Operation Hannibal, launched in January 1945 by Admiral Donitz, was
the largest sea evacuation in history. The ice-choked Baltic port
swelled to four times its normal size as refugees desperately queued
up to board one of a fleet of evacuation ships, the largest of which
was the Wilhelm Gustloff. Some purchased tickets,
others
sneaked on board. Still others used a relative’s baby as a
“ticket” to get on board. Babies tossed down to waiting
relatives sometimes fell into the icy waters below. All were
desperate to escape the advancing Soviet forces. Tens of thousands
found refuge on the other side of the Baltic.
But
Elfriede's
horse had other plans. The road to the Baltic was chaos: refugee
wagons jostled for space with Wehrmacht tanks. Retreating German
officers strode alongside the caravan. The louder the rumbling from
the Front grew, the more spooked Elfriede’s horse became;
suddenly, it rose into the air on its hind legs and bolted. Try as
Elfriede might to hang on to the reins, she couldn’t. If not
for a nearby German officer who chased after the wagon and seized the
reins, the wagon would likely have toppled over, spilling Elfriede
and her children. The horse wouldn’t budge: Elfriede had no
choice but to turn back, knowing that the Red Army would be waiting
at her doorstep.
As
the Wilhelm
Gustloff, which once plied the sparkling waters of the Black
Sea
as a “Strength through Joy” cruise ship, disembarked from
Pillau, a blizzard whipped its decks. Beneath the Baltic Sea, a
Russian submarine lurked. Russia would never forget the 872-day long
siege of Leningrad by the German Army which resulted in 1.5 million
deaths of civilians and soldiers and reduced some Leningradians to
cannibalism. The Russian submarine that waited beneath the surface
of the Baltic was loaded with four torpedoes, painted with the words:
Torpedo
One: For
the Motherland.
Torpedo
Two: For
Stalin.
Torpedo
Three: For
the Soviet people.
Torpedo
Four: For
Leningrad.
Three
found
their target. Pregnant woman, sleeping in the ship’s drained
swimming pool, scrambled for life jackets. In a panic, many
passengers jumped from the decks of the Wilhelm Gustloff
into
the sea and grabbed onto the lifeboats, like grapes clinging to a
vine during a frost. The sick and injured didn’t even make it
out of their beds. Nine thousand, out of the 10,000 passengers on
board, found an icy grave at the bottom of the Baltic, making the
sinking the single worst maritime disaster in history. Elfriede, who
held an unused ticket to the Wilhelm Gustloff,
didn’t
even know how to swim.
But
she
remains and plans to hide on Prussian Plains...
Back
at
Elfriede’s farmhouse, snow blanketed the ground as East Prussia
settled into its coldest winter in 20 years. The Red Army lurked in
the forest only 100 metres from her house. She heard the dog
barking... Shots rang out...Silence.
The
Russians
come and seize her land...
Elfriede
steeled herself for what was to come. When she heard the horses
squeal as the Red Army riddled them with bullets, she showed no fear.

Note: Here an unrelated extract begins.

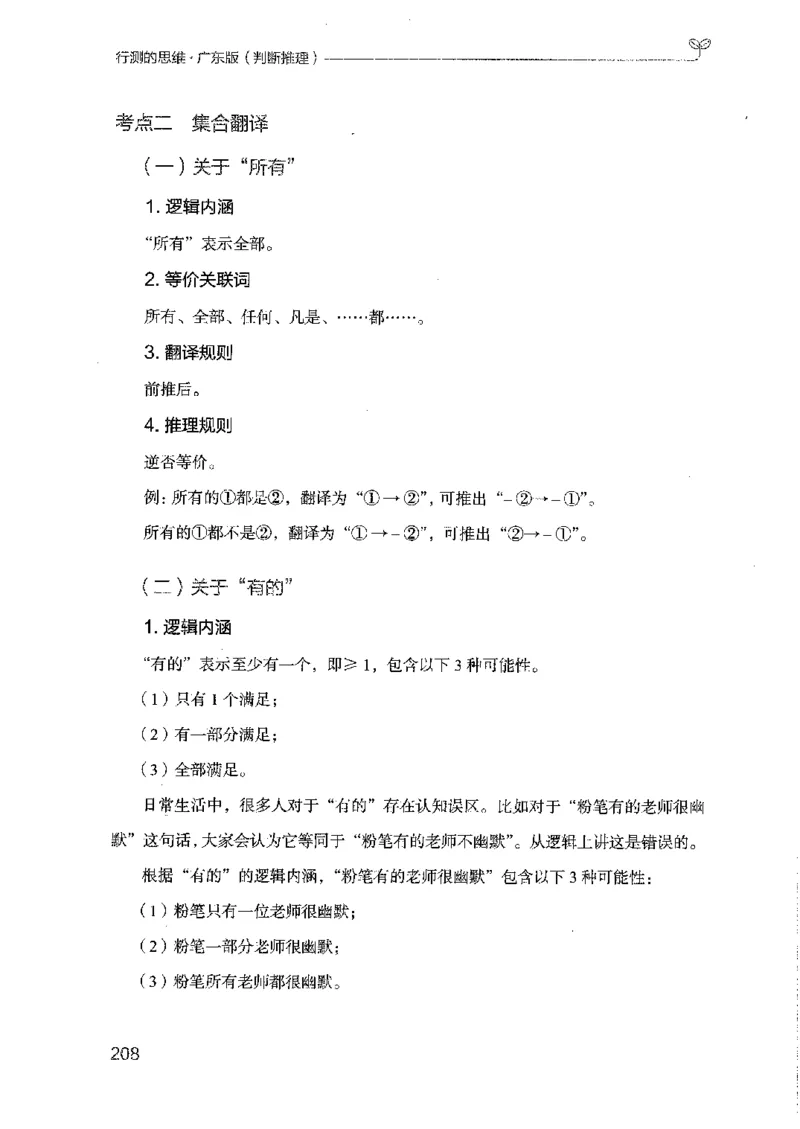 19广东行测的思维（判断推理）_2026考公资料_（10）粉笔_2025粉笔国考省考980（课＋笔记）_粉笔980（25多省）_52025FB广东省考980系统班_0.2025年广东26本图书_知识梳理体系11本
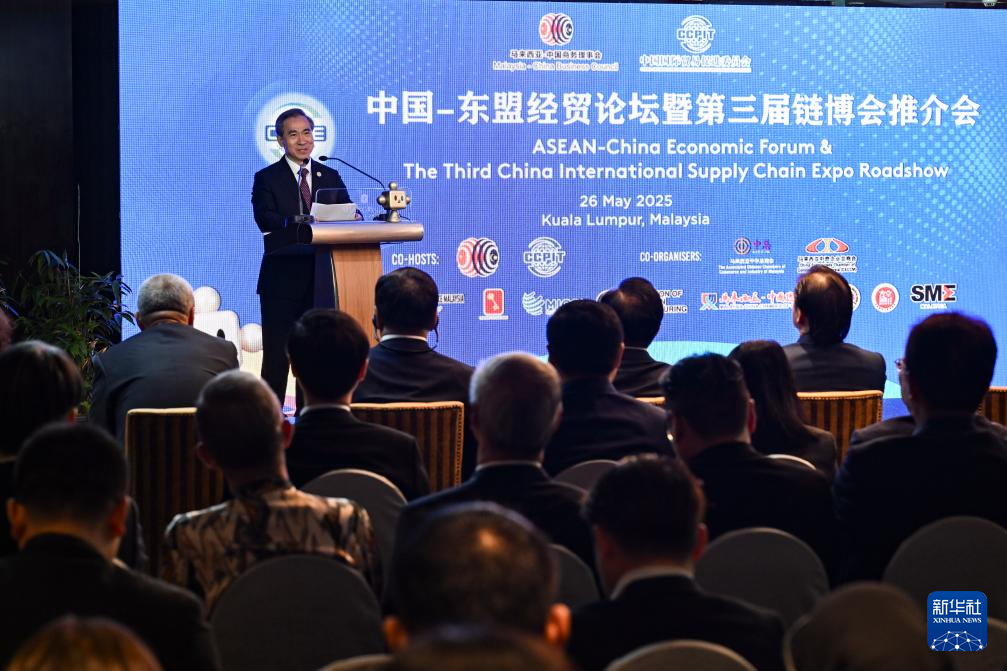 中国—东盟经贸论坛暨第三届链博会推介会在吉隆坡举行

When she heard the soldiers’ jackboots on the front porch, she
showed no trepidation. When she heard the soldier’s rifle
click as he aimed it at her head and his comrade raided her
cupboards, she did not panic. Even when she heard the clink of her
wedding ring as the soldier dropped it into his jewelry stash, she
remained calm. Anger fueled her courage. The soldier uttered the
two words that would send shivers up the spines of countless German
women during the Russian occupation: "Frau, Komm!"
"Twenty-two
Hoeringstrasse. It's not been burned, just looted, rifled. A moaning
by the walls: the mother's wounded half alive. The little daughter's
on the mattress. dead. How many have been on the mattress? A
platoon, a company, perhaps? A girl's been turned into a woman, a
woman turned into a corpse. The mother begs: "Soldier, kill
me!""
(Prussian Nights,
Alexander Soltzenitsyn)
Like
Elfriede,
an estimated two million German women were raped by Red Army soldiers
during the war and Russian occupation. Any female from eight to 80
was considered fair game. Some women would take a Soviet officer as
protection against gang rapes. But German women did not talk of such
things. It was verboten.
Force
her to
roam with babes in hand...
Elfriede
never
looked back. Taking a child on either arm, she wandered on the
Prussian plains, once the Breadbasket of Germany, now a wasteland.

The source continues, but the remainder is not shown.